Ben gıda fabrikasında çalışan bir kadın işçiyim. Günde 12 saat çalışıyorum. Nefes bile almamıza izin vermiyorlar. Makinenin bir parçası haline gelmiş durumdayız. Resmen makinayla yarışır haldeyiz. İşyerinde çalıştığım süre boyunca ne kadar çok yorulduğumu anlamıyorum. Eve geldiğimde yemek, ev işi çocuk derken çok yorulduğumu hatta bütün enerjimi işyerinde harcadığımı anlıyorum. Ertesi günde aynı tempoyla işe devam ediyorum. Patronlar bizlerin sırtından kazandıklarıyla hayatın bütün güzelliklerini yaşıyorken biz ise güneş ne zaman doğuyor, gece ne zaman oluyor anlamıyoruz.
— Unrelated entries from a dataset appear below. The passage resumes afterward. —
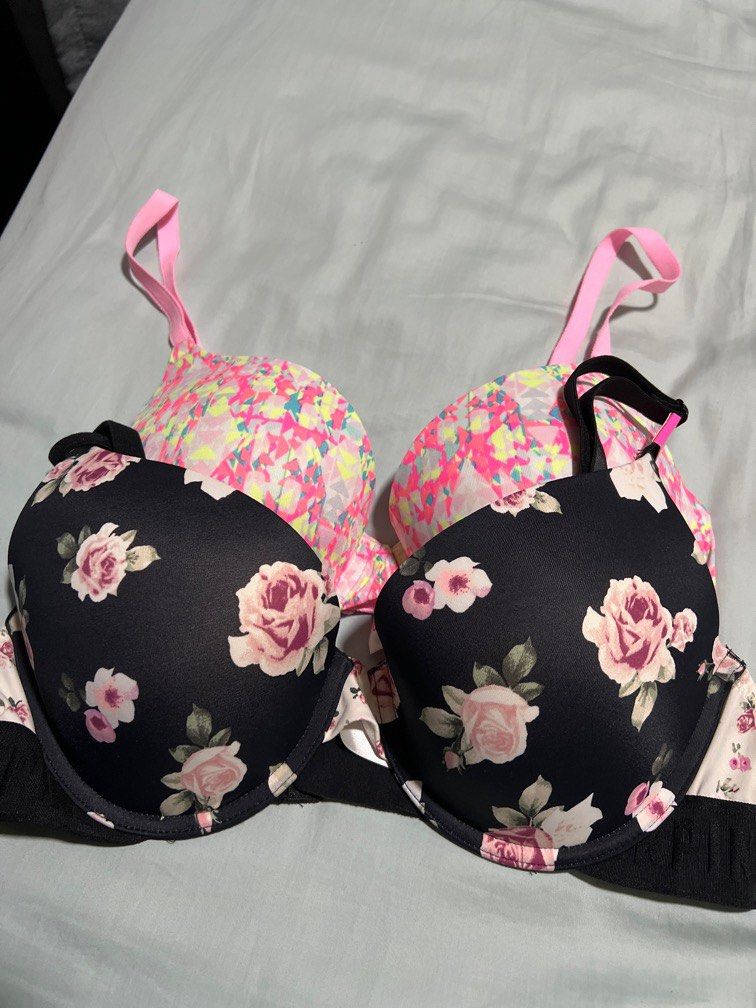 Lot of 2 Victoria's Secret Pink bras 36C, Women's Fashion, New  Undergarments & Loungewear on Carousell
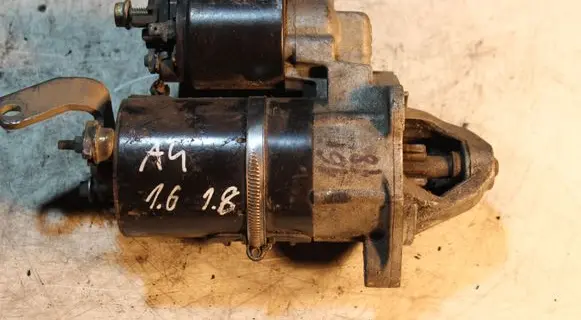 Audi A4 S4 B6 8E 8H Starter motor 078911023D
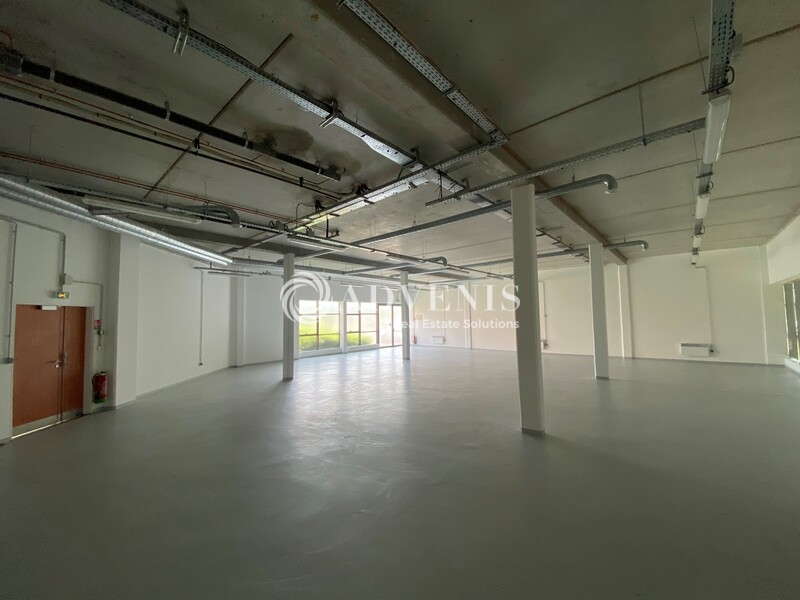 Location Bureaux et activités légères ELANCOURT (78990) - Photo 5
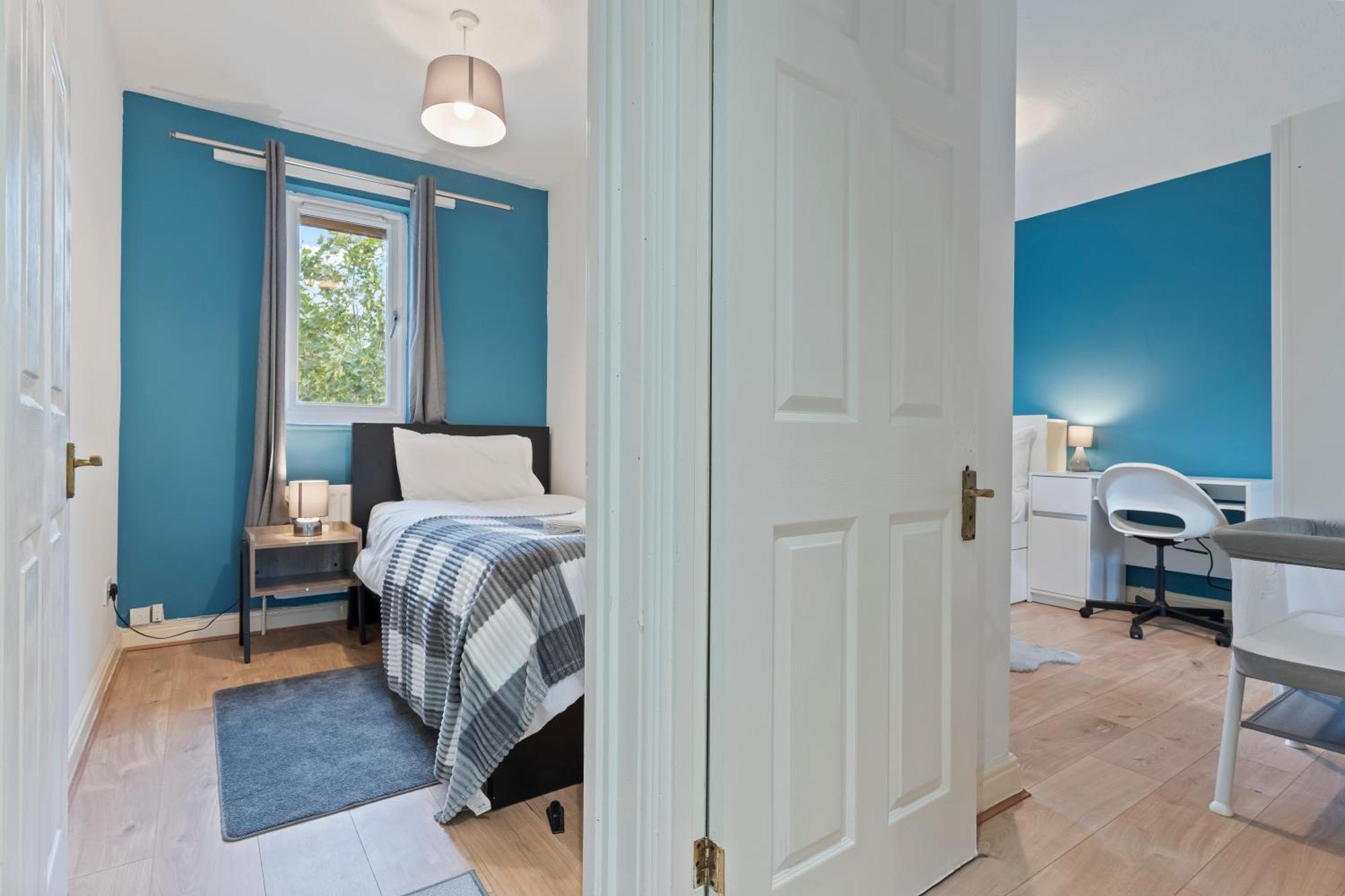 Semesterbostad Lovely 4br House In The With Parking London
Okuduğum bir yazının başlığı şöyleydi: “Zamanımız Yoktu, Mücadele Edemedik!” Yazıyı okurken kendimi gördüm. Orada işçinin kendisine ait olduğunu düşündüğü boş zamanların bile patronlar sınıfı tarafından nasıl doldurulduğu anlatılıyordu. Bunu işçilerin düşünmesini, sorgulamasını, bir araya gelmesini engellemek için yaptığı vurgulanıyordu. Anladım ki bizlerin yaşamlarını patronlar sınıfı belirliyormuş. Ben de eve gittiğimde işin dışındaki zamanı istediğim gibi kullanırım diye düşünüyordum. Oysa öyle olmadığını anladım. Zenginler işçiler birlik olmasın diye önümüze sürekli zorluklar çıkarıyorlar. Sorunlarımızı görmeyelim, kendi bireysel sorunlarımız olduklarını düşünelim ve tek başımıza zorlukların üstesinden gelmeye çalışalım istiyorlar. Aslında işçilerin birliğinden ve mücadelesinden ödleri patlıyor. Egemenler, işçiler düşünürse, sorgularsa, kendi sınıflarının penceresinden bakan yayınları okurlarsa, hele bir de yan yana gelirlerse ne kadar güçlü olacaklarını çok iyi biliyorlar.
Sorun maalesef biz işçilerde. Bu oyunları görmemiz gerekiyor. Mücadeleye gelince kimilerimizin bir türlü “zamanı olmuyor”. Oysa yan yana gelmek ve örgütlenmek için çaba harcamalı, zaman yaratmalıyız. Biz işçiler birlik olmaktan ve örgütlenmekten korkmayalım. Çalınan yaşamalarımızı geri almak için mücadele saflarında birleşelim!